Patrick Reeve, Managing Partner, Albion Ventures, and manager of several Albion-managed VCTs said: “Dividend generation has long been a feature of VCT strategy as it is a core tool in risk reduction – no matter what uncertainties are inherent in your portfolio of VCT investments, once a dividend has been paid no one can take it away again, and so an element of your return has been locked in.”

Tax free income is clearly even more important now than ever, given the unusually high tax and low interest rates. VCTs, along with ISAs, are the only savings vehicles that can achieve this. And above this, investors like their dividend streams to be predictable and reliable, particularly if they’re using VCTs as ‘quasi pensions”.

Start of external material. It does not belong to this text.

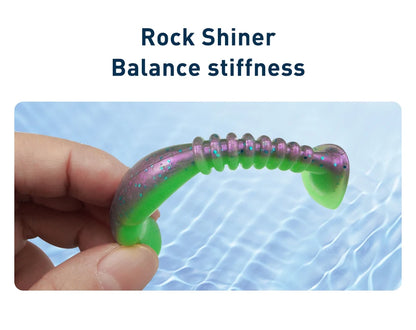 Hand holding green and purple soft plastic fishing lure over water, labeled Rock Shiner.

VCT dividends are generated from two sources – revenue profits (for instance, from loan stock or dividend income from investee companies), and realised capital gains on the sale of an investment. The latter are more unpredictable, and so one method of ensuring a predictable dividend stream is to maximise the revenue profit generation of a VCT by having as much as possible in interest paying loan stock, while at the same time storing up realised capital profits and paying them out over time in a controlled manner to provide a stable level of dividends.”

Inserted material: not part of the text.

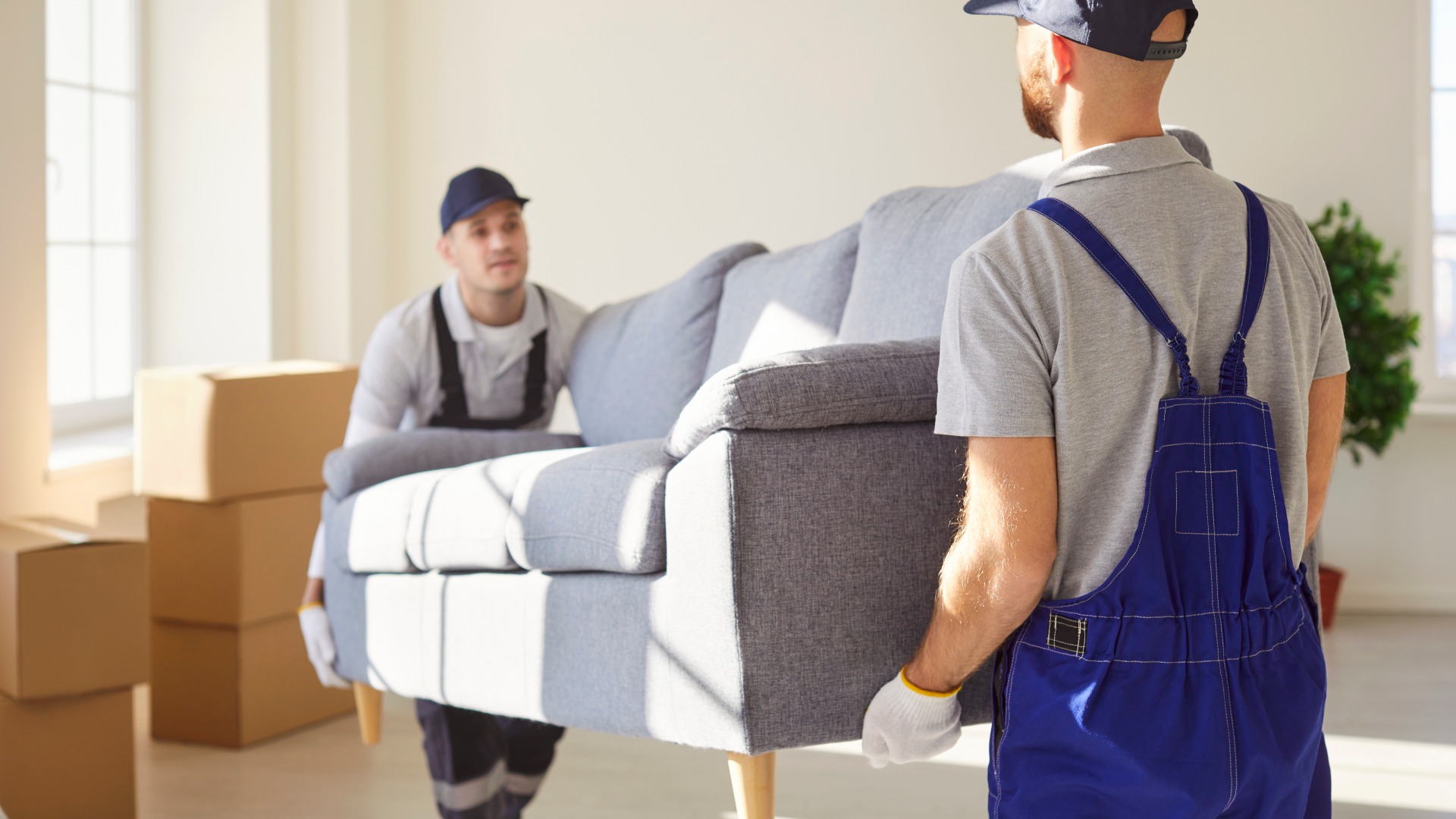 Two men movers carrying sofa from apartment, helping people to move to other place of living. Hard working workers from delivery service helping clients with relocation. Furniture delivery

Tim Levett, Chairman of NVM Private Equity Limited, Managers of the Northern range of VCTs, said: “Looking at the performance of the top Generalist VCTs over a ten year period, all funds have provided a steadily increasing regular dividend stream. Over the last five years, investors have been receiving regular dividends of at least 5p on a maximum investment net of tax relief of 80p, with capital value maintained and dividends received tax-free.”

David Thorp, Baronsmead VCTs, said: “It is the sale of successful investments in UK growth SME companies that generates the profits from which high and steady dividends can be paid.  Many shareholders who invested in 1995 have stayed the course and dividends have been part of the glue over the longer term.  Shareholders have told us that VCTs play an important part of their retirement planning.”

Stuart Veale, Managing Partner, Beringea Limited and Manager of Proven VCTs said: “The level of tax-free dividends being paid by VCTs is very attractive compared to the post-tax returns from many other investments.  Furthermore, VCT shareholders are able to reinvest the income in additional VCT shares, thereby obtaining further tax relief.”

Annabel Brodie-Smith, Communications Director, Association of Investment Companies (AIC) said: “AIC data on VCT dividends suggests that the sector is really delivering when it comes to producing a regular, reliable income for the good times and the bad.  Of course there’s a broad spectrum of strategies and by their nature, VCTs are high risk and should be part of a balanced portfolio.  There is lots of information on the AIC website – investors need to do their homework and, where necessary, seek independent financial advice.

So maybe in these times of lower returns some people should be looking at higher risk to get the higher returns they are looking for.